FE: What foods are appropriate for DEXA?
Hebel: The overwhelming applications are for red meat—lamb, goat, cattle. It could be extended to turkey and poultry, but we really focus on red meat, specifically raw meat. When you’re dealing with cooked meat, usually there are added ingredients, particularly salt, which can mess up X-ray readings. Additionally, the volume being inspected is considerably smaller.
FE: Ground beef sold at retail now is required to disclose its fat content on the label. Is that increasing the adoption of fat analysis?
Hebel: Major retail chains are considerably more aggressive in their demands on suppliers to accurately disclose fat content; some also demand X-ray inspection. That causes a ripple effect through the supply chain.
Five or 10 years ago, there really wasn’t a highly accurate method of measuring lean. Ground beef sold as 85 percent lean relied on visual measurement, which was maybe within 5 percent plus or minus, depending on the skill of the person making the judgment. US commodities are still based on visual lean. A significant part of the value of this technology is its ability to limit either overpacking fat and getting returns or overpacking lean and giving away value.
FE: Is USDA exerting pressure for more precise lean labeling at retail?
Hebel: The department doesn’t speak definitively about this. Visual lean has been a rule of thumb practice for 100 years. USDA will never require processors to use a particular technology to measure a given constituent. Still, new technologies like DEXA will be cited under minimum diligence of trade requirements. More importantly, precise measurement results in more value, and the earlier in the process that it is done, the more likely value will be realized downstream.
FE: Why was validation of DEXA done in New Zealand?
Hebel: Our roots are in New Zealand and Australia. Eagle is a spinoff from Smiths Heiman Detection. The EAGLE FA 720 is adapted from Smiths’ security system used in airports. Meat is a significant part of the economy in that region, and university research tends to be directed toward maintaining those exports. From a technology standpoint, the meat industry there is probably the most advanced in the world.

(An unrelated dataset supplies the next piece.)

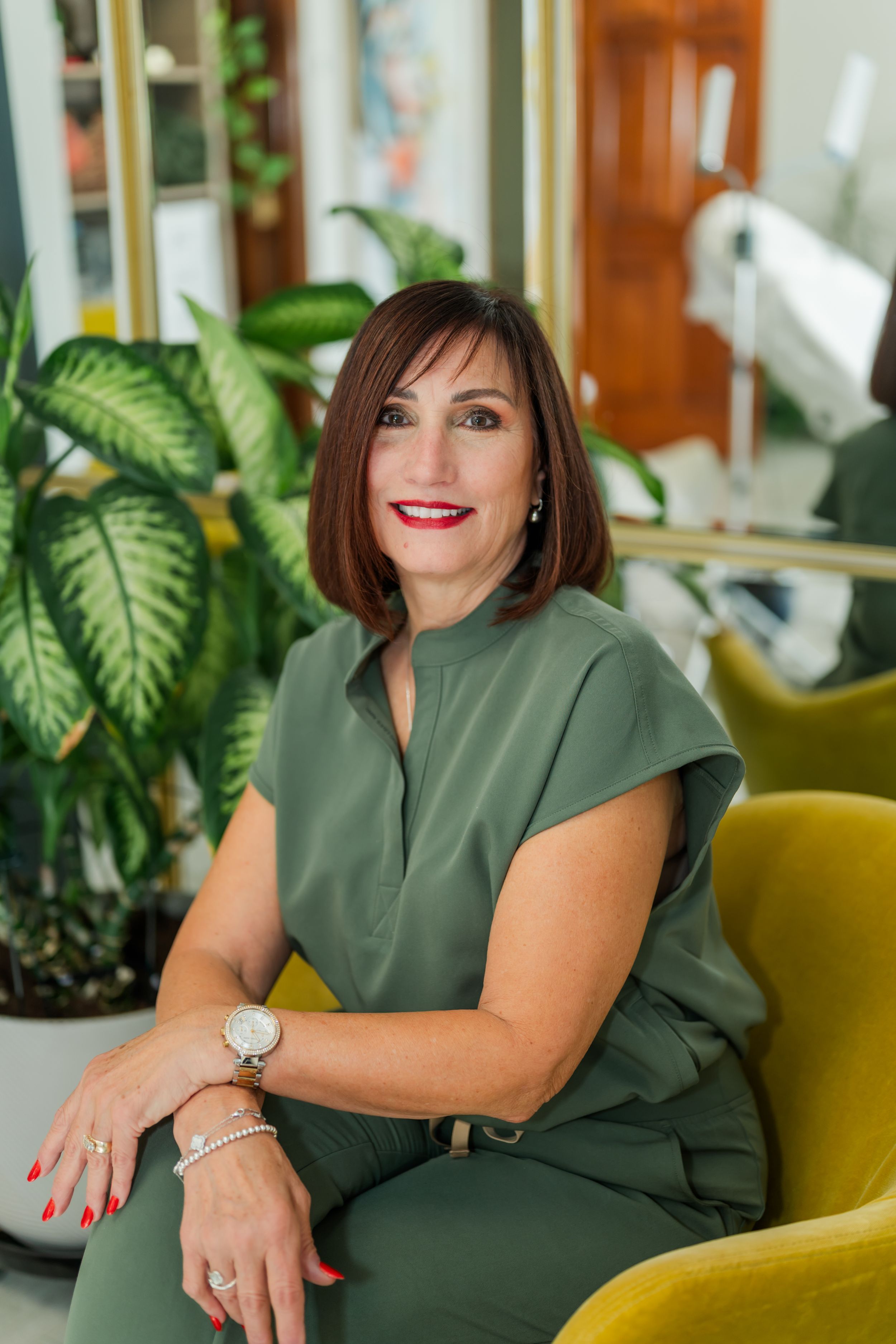 Professional portrait of someone in an olive green outfit seated in a yellow chair next to indoor plants.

The government commissioned an evaluation of DEXA by one of New Zealand’s largest meat companies; GNS Science, specialists in geological research and nuclear science; and the Institute of Food, Nutrition and Human Health at New Zealand’s Massey University. The technology received the stamp of approval for lean analysis, as well as contaminant detection. In the near term, the major advantage is the ability to capture images of contaminants, particularly bone, and store them for track and trace. That is valuable for purposes of tracing back any problems.
FE: Is the technology used to any extent in North America?
Hebel: Meat is a conservative, incredibly labor-intense industry that has used some of the same methods for more than 100 years. Companies are watching what technologies are being adopted downstream by major processors of premium sausage and other products. DEXA is being deployed by progressive trim suppliers and grinders.